= HOW TO COMPLETE THIS TASK =
Within the entries below, output exactly the lines between the line containing "Your on-order matrix" and the line containing "The speed limit", inclusive, and omit any picture.

= THE DATA =
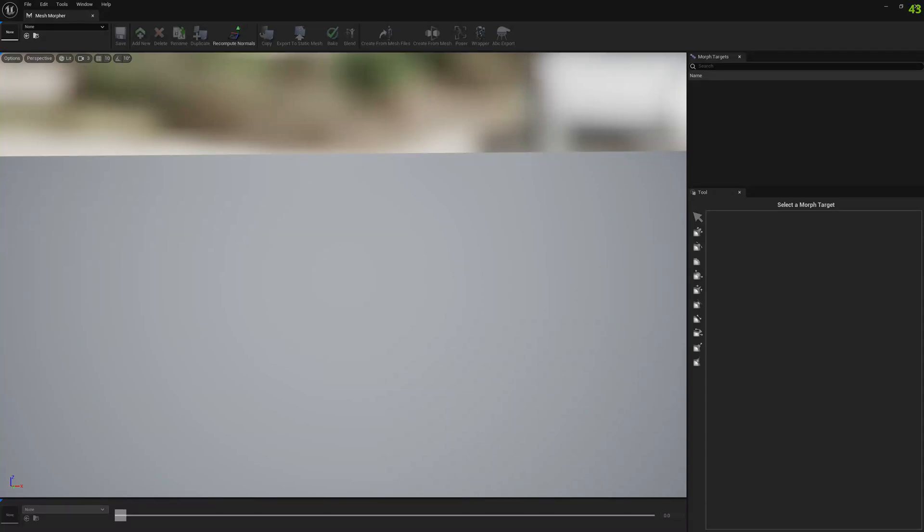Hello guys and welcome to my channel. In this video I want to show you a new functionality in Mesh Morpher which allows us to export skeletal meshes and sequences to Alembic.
==
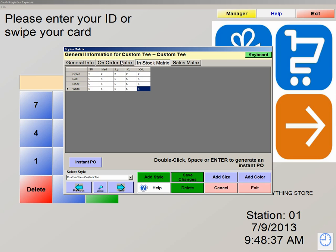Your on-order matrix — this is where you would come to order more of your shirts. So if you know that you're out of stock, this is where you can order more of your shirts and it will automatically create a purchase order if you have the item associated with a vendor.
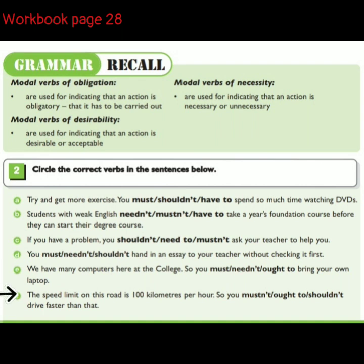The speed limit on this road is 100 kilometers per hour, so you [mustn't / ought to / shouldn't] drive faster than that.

= RESULT =
Your on-order matrix — this is where you would come to order more of your shirts. So if you know that you're out of stock, this is where you can order more of your shirts and it will automatically create a purchase order if you have the item associated with a vendor.
The speed limit on this road is 100 kilometers per hour, so you [mustn't / ought to / shouldn't] drive faster than that.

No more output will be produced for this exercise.